Using the entries that follow, collect the lines where the word "Fototapeta" appears.

Crawled caption data:

**********

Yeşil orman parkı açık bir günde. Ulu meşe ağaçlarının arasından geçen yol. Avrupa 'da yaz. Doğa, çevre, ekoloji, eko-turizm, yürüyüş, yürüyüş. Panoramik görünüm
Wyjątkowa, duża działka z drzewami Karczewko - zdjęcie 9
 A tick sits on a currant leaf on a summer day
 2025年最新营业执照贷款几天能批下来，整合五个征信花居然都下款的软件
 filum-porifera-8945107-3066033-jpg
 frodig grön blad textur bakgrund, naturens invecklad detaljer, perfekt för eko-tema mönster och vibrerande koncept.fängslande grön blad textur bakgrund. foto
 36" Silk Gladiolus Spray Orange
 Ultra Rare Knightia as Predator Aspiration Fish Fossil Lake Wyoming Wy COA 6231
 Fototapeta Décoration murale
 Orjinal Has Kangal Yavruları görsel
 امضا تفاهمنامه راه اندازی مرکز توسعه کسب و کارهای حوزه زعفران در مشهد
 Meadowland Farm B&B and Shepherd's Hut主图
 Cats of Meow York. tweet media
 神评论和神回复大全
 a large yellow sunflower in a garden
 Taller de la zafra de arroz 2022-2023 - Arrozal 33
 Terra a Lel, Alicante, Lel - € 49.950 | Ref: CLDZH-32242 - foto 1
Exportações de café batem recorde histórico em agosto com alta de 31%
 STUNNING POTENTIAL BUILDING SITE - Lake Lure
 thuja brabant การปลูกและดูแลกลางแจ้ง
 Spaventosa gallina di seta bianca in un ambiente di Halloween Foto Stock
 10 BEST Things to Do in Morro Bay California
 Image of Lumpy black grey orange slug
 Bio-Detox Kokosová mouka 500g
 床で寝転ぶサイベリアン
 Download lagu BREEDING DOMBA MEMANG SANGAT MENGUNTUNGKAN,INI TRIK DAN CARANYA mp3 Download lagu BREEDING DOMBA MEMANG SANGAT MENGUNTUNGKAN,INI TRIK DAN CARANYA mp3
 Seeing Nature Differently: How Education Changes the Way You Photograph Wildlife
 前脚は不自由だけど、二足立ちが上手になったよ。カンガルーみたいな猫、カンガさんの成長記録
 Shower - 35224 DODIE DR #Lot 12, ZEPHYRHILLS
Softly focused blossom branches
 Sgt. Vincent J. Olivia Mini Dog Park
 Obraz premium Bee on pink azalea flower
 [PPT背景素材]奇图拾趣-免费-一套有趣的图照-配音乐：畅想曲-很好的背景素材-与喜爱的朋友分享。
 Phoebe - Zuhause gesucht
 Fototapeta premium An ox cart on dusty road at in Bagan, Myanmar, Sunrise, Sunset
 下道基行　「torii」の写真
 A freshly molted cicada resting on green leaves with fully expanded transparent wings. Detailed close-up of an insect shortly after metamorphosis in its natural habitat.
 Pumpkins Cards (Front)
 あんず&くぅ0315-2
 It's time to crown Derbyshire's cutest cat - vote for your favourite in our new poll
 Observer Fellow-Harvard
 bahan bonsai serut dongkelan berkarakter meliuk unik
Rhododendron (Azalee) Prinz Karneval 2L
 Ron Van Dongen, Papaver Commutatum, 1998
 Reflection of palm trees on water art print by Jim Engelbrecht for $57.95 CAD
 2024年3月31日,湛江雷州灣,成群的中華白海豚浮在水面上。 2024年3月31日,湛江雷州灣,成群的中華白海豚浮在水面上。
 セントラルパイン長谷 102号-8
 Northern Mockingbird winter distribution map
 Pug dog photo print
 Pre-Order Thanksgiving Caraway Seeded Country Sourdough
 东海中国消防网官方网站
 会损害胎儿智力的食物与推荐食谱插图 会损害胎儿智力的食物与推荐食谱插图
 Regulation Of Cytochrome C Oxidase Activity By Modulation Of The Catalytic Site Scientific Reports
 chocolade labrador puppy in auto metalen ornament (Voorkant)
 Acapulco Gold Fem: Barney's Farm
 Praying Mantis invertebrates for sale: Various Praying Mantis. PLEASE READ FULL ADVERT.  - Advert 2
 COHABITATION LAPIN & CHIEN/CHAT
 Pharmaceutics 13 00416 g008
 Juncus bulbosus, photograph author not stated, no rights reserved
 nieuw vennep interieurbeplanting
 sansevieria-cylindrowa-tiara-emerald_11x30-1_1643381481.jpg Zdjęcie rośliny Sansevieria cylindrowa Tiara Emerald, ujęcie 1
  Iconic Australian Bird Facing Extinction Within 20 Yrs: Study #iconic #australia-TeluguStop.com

**********

RESULT OF THIS EXERCISE
 Fototapeta Décoration murale
 Fototapeta premium An ox cart on dusty road at in Bagan, Myanmar, Sunrise, Sunset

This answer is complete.